Bien sûr ! Le SELL et le SNJV travaillent ensemble au quotidien, on est extrêmement coordonnés. Hier et aujourd'hui, ils avaient un événement propre qui s'appelle les EIGD (ndlr : European Indies Games Days) et qui se déroule à Montreuil. La soirée de clôture des EIGD se passe sur la Paris Games Week. On travaille ensemble sur tous les sujets.
Comment réagissez à la perte d'indépendance de plus en plus de sites de la presse vidéo-ludique rachetés ?
Est-ce que c'est une perte d'indépendance ou une concentration ? Mon sentiment c'est qu'effectivement, plus il y a d'acteurs, plus ça fonctionne. Et plus on a d'acteurs en bonne santé, mieux c'est. Je pense qu'il y a à la fois une crise assez globale de la presse, qu'elle soit numérique, papiers ou avec de nouveaux modèles qui sont compliqués à mettre en place. Donc il y a dans ce premier temps le contexte général pour tous les médias. Et plus spécifiquement dans le monde du jeu vidéo, le fait qu'on soit à une transition entre la génération sept et la génération huit a été compliqué pour beaucoup d'éditeurs, ce qui a entraîné une baisse des budgets marketing qui sont une source de revenus pour beaucoup de médias. Il y a effectivement eu une période extrêmement compliquée.
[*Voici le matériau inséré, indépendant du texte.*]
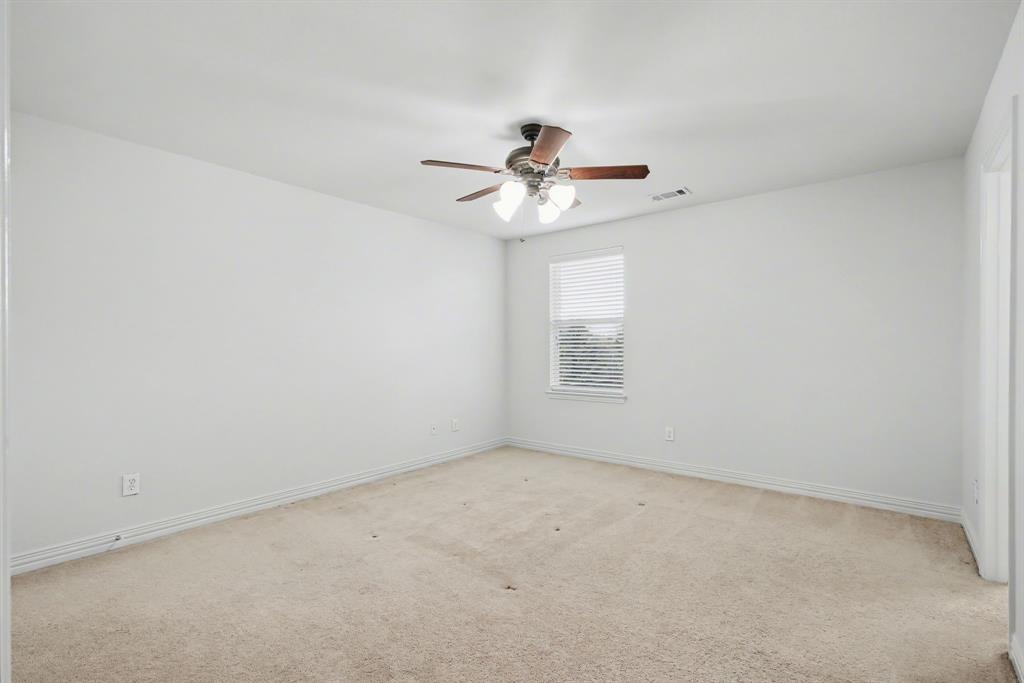 6131 Myrtle Lane Frisco, TX 75036 - Photo 25 of 34 an empty room with windows and fan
J'ai plutôt le sentiment, mais encore une fois je ne suis pas un spécialiste des média, qu'aujourd'hui, même s'il y a une concentration, il y a quand même beaucoup de belles réussites et notamment indépendantes que ce soit en presse papier ou non. On a plutôt l'impression que cela repart un peu du bon pied sur ces univers là. Après, encore une fois, j'avoue que j'ai peut être une expertise assez limitée sur les médias en général.
En guise de conclusion, vous en tant que joueur, vous jouez à quoi en ce moment ?
Je n'ai eu aucun moment pour jouer dernièrement. J'ai joué à Mortal Kombat X un peu parce qu'on y joue au bureau. Je suis un joueur de RPG, c'est le style de jeu qui prend le plus de temps et par exemple The Witcher, c'est le jeu que je n'ai surtout pas voulu regarder comme ça, parce que je sais que ça aurait été très compliqué dans la période actuelle. Après la Paris Games Week, j'aimerais bien essayer de rattraper The Witcher, j'aimerais bien aussi rattraper Pillars of Eternity qui a l'air très bien et que je n'ai pas fait, et puis Battlefront qui va arriver où j'aimerais bien essayer de jouer en multi-joueurs, ce qui pour moi n'est vraiment pas mon style de jeu, mais je suis curieux de voir ce que ça pourrait donner. C'est vrai que très honnêtement en ce moment, dans les deux semaines dernières, j'ai dû jouer deux heures à Mortal Kombat...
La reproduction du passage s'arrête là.